August 26, 1985
DELIVERED BY HAND
Andrew Scanlon, Esquire
Federal Trade Commission
Washington, D.C. 20580
Re:Pre-Merger Filing Requirements;
Sale of Commercial Loan Portfolio
Dear Mr. Scanlon:
With respect to our letter to you of August 21, 1985, written on behalf of (redacted), we would like to supplement that letter with certain additional information.
You will recall that in telephone conversations with you subsequent to the August 21, 1985, letter, we advised that the most likely purchaser of the approximately $100 Million Dollars of commercial loans which (redacted) proposes to sell would be a large United States bank. Said bank will purchase the commercial loan portfolio for purposes of investment and not for purposes of redistributing the same. The acquiring bank would not purchase the assets for the purpose of operating the business formerly conducted by (redacted). The definitive purchase agreement with the buyer will incorporate provisions consonant with the foregoing.
It appears to us, therefore, that Section (c)(11) of Section 18a (15 U.S.C. 18) should be applicable to effect an exemption from the pre-merger notification and waiting period requirements of the Hart-Scott-Rodino Act.

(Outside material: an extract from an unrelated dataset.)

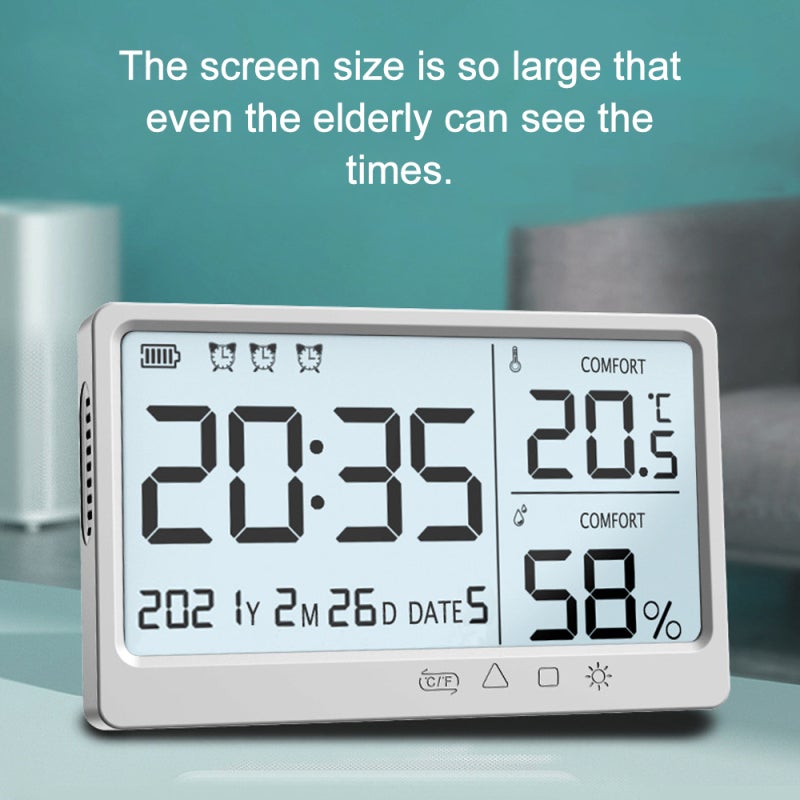 LCD Electronic Temperature Humidity Meter: White, Large Display, Indoor Outdoor Temp Humid Monitoring - Celsius Fahrenheit Conversion, Alarm Clock for Home Use, Elderly Users - Image 2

I believe you have indicated that, on the basis of the foregoing, it is your view that the exemption will be available to (redacted) and to its immediate corporate parent, (redacted) in connection with the proposed transaction. We would very much appreciate your further advices in this regard on the basis of the foregoing information.
Please accept my thanks for your continuing attention to this matter.
Very truly yours.
STAFF COMMENTS: DA & Wayne agree. Exempt under 802.1 ordinary course.